Here are some names for you: Svatore; Kreminna; Soledar. That’s where some of the most intense fighting is going on right now in Ukraine. All are towns in the Luhansk region near Bakmhut, the front-line town held by Ukraine where the heaviest fighting is. We’ll get to some of the rest of the fighting that’s taking place in Ukraine in a moment, especially the battles that have followed Ukraine’s victory in November which took the port city of Kherson in the south. But for right now, Russian forces are concentrating their heaviest, most brutal efforts around Bakhmut, south and east of the cities of Lyman and Izyum, which Ukraine took back from Russian forces in its September offensive in the northeastern Kharkiv region.

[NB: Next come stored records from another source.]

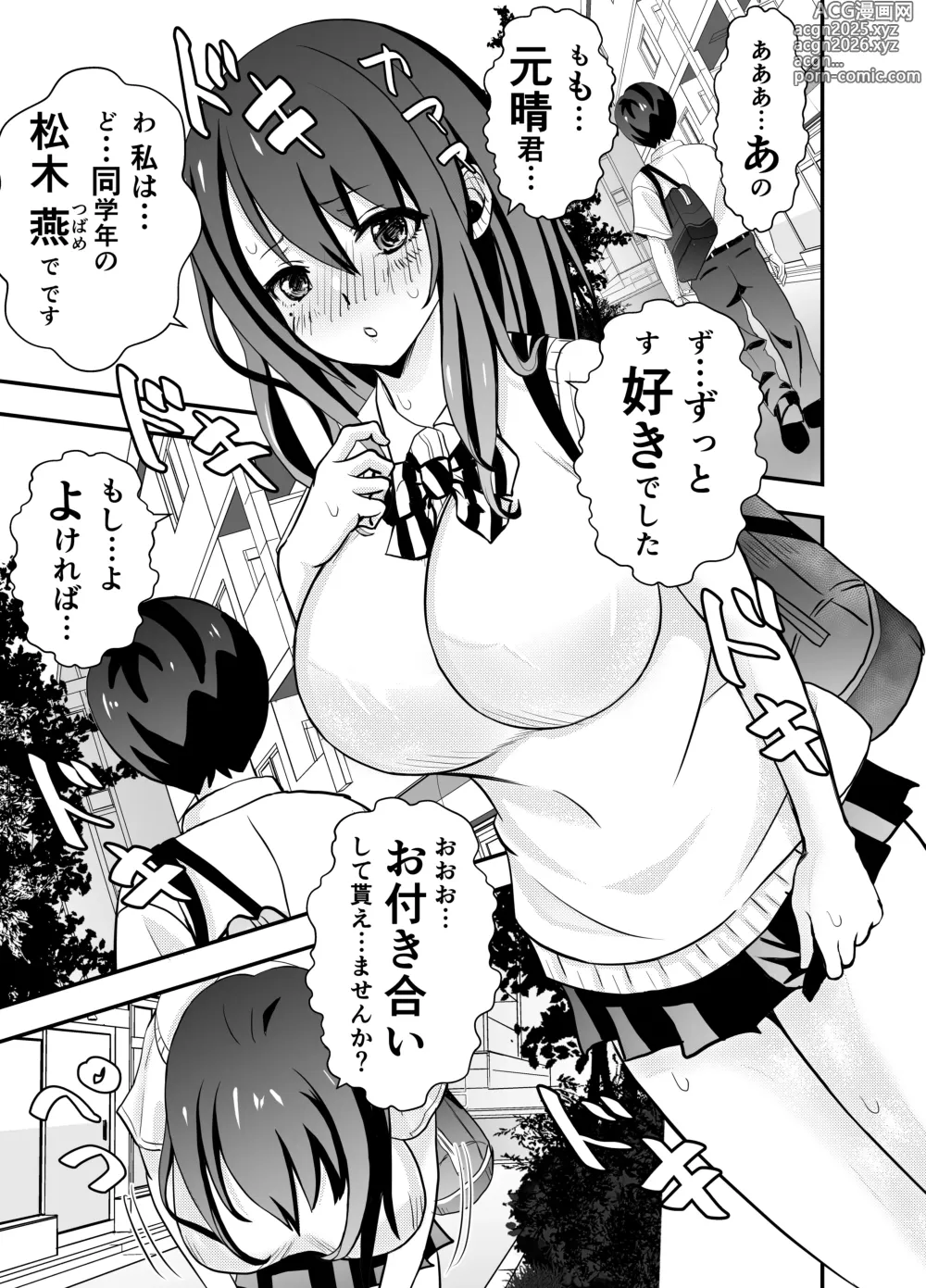 Page 3 of doujinshi Kare Chichi bi Shinasadame Saremashita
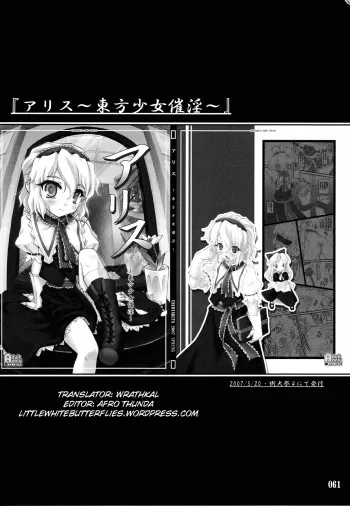 [CHIRIAKUTA] Touhou Shoujo Saiin ~Mahou Shoujohen~ Alice (ENG) =Wrathkal+Afro Thunda= manga cover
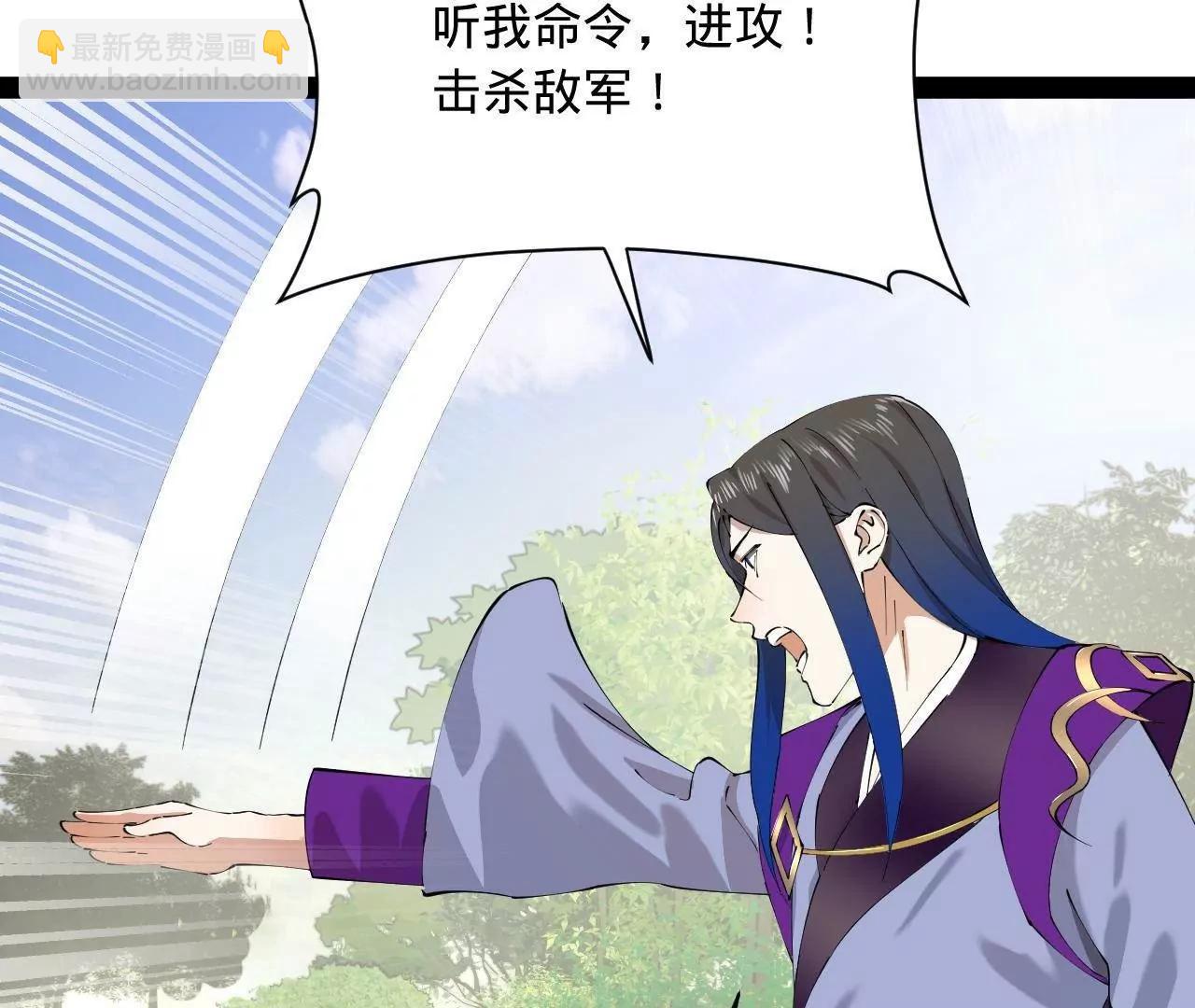 史上最強贅婿 - 298 	沒有人能給我潑髒水(1/3) - 1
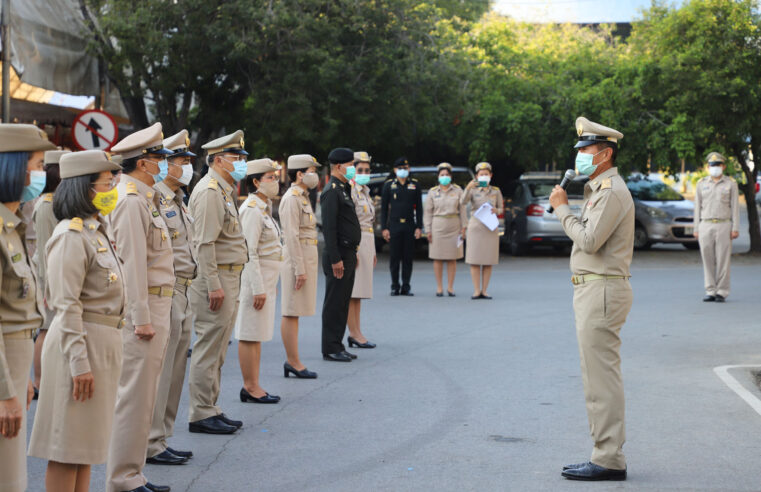 พิษณุโลกเริ่มกิจกรรมทำตนเป็นข้าราชการที่ดีเช้าวันจันทร์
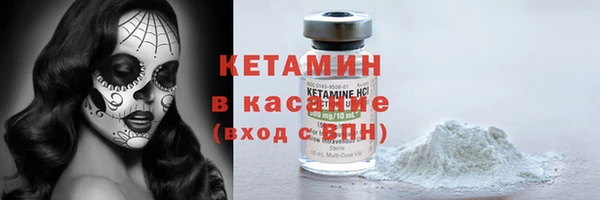 стаф Бугульма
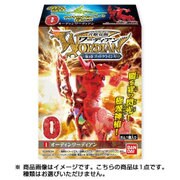 言獣覚醒ワーディアン 第3章 ゴッドクライシス [コレクション食玩]
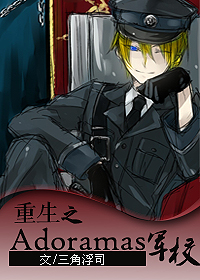 重生之adoramas军校封面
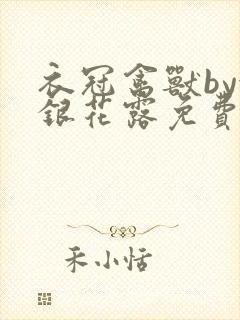 衣冠禽兽by金银花露免费阅读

Why certain cities, or rivers, or even hilltops become strategic centers of military effort and end up as famous battles is one of the great mysteries of wars. In our own military history, the names of important battles roll easily off the tongue: Gettysburg; Hamburger Hill; the battle for Hue; the siege of Bastogne; the landing at Anzio; crossing the Rhine at Remagen; operation Anaconda in Afghanistan.

The reason some of the battles were strategically important is easy to understand. The landing at Anzio set up the assault that ended up with Allied forces taking Rome and led to the eventual defeat of the German army in Italy in April of 1945. The Union army defeated Confederate forces at Gettysburg in their only major offensive north of the Mason-Dixon line. Holding Bastogne was essential to victory in the Battle of the Bulge in the Ardennes forest in Belgium near the end of World War II.

Other battles made practically no strategic sense at all. The battle in Vietnam for Hamburger Hill lasted 10 days and cost 72 American lives, with 372 wounded. The hill was abandoned by the 101st Airborne Division days after it was taken from the North Vietnamese army. Like so much combat in Vietnam, the battle seemed pointless to begin with, pointless when it was over, and Hamburger Hill came to symbolize the futility of the entire war.

The Russian effort to take Bakhmut makes little strategic sense unless it’s looked at in the context of Russia’s entire war effort. The war in Ukraine is effectively a two-front war at this point: the combat front lines stretching from the Russian border east of Kharkiv to the Black Sea near Kherson in the south; and what might be called the rear lines in major population centers in the country’s central, southern, and western areas.

Much of the reporting nearly a year after Russia’s invasion of Ukraine explains what’s going on in terms of Vladimir Putin’s pique. His army lost a huge swath of territory in Eastern Ukraine, thousands of square miles, so he got very, very mad and sent hundreds of guided cruise missiles and drones into Ukraine’s population centers like Kyiv, Kharkiv, Lviv, and Odessa, taking out apartment buildings, churches, museums, shopping areas, schools, and other civilian targets. He ordered an equal number of missiles and drones to target Ukraine’s energy infrastructure in an attempt to deny most of the country’s population electricity, heat and water over the winter.

Putin’s major problem after nearly 11 months of war is that he cannot just order his army to win its battles on the front lines in Ukraine’s east and south and take more territory. He set out last February wanting to take over the entire country. That was what the offensive against Kyiv was about. His generals and intelligence agencies told him that he could quickly take Ukraine’s capital and force the collapse of the government. President Zelensky would flee, Putin could install a puppet government, and Ukraine would be his.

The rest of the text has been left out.